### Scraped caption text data

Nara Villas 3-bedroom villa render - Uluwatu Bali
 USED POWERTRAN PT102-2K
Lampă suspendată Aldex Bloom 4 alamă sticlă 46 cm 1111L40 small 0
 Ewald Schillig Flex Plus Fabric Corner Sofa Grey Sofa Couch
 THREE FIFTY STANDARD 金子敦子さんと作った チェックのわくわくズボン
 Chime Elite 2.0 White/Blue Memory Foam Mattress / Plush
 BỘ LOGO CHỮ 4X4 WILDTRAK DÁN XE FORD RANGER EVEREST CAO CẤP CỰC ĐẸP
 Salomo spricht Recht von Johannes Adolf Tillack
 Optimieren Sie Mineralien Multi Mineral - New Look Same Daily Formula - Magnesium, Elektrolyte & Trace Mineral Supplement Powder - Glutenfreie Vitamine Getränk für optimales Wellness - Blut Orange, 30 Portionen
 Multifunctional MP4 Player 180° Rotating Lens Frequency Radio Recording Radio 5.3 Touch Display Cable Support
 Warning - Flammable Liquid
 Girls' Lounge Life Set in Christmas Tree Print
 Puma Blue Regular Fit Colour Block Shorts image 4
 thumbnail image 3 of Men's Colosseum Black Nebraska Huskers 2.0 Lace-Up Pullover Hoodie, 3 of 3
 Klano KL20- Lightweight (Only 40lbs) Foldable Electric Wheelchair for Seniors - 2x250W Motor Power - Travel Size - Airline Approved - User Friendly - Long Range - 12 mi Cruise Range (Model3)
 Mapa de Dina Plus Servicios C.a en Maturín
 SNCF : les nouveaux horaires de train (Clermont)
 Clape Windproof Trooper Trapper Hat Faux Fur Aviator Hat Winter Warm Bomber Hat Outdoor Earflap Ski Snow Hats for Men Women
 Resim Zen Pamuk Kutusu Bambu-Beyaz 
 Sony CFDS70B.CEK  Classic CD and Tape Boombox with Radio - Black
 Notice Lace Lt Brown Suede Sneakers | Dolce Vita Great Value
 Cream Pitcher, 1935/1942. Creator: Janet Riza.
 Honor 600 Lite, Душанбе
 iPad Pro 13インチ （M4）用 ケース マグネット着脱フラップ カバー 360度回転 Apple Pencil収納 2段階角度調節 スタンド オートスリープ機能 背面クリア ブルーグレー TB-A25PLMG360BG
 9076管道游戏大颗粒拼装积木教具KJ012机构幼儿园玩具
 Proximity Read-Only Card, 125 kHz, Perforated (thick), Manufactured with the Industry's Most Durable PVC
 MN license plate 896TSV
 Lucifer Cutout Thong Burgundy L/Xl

### Your instructions
Lines holding the word "Only" are the answer; copy each one from the records above.

### Response area
 Klano KL20- Lightweight (Only 40lbs) Foldable Electric Wheelchair for Seniors - 2x250W Motor Power - Travel Size - Airline Approved - User Friendly - Long Range - 12 mi Cruise Range (Model3)
 Proximity Read-Only Card, 125 kHz, Perforated (thick), Manufactured with the Industry's Most Durable PVC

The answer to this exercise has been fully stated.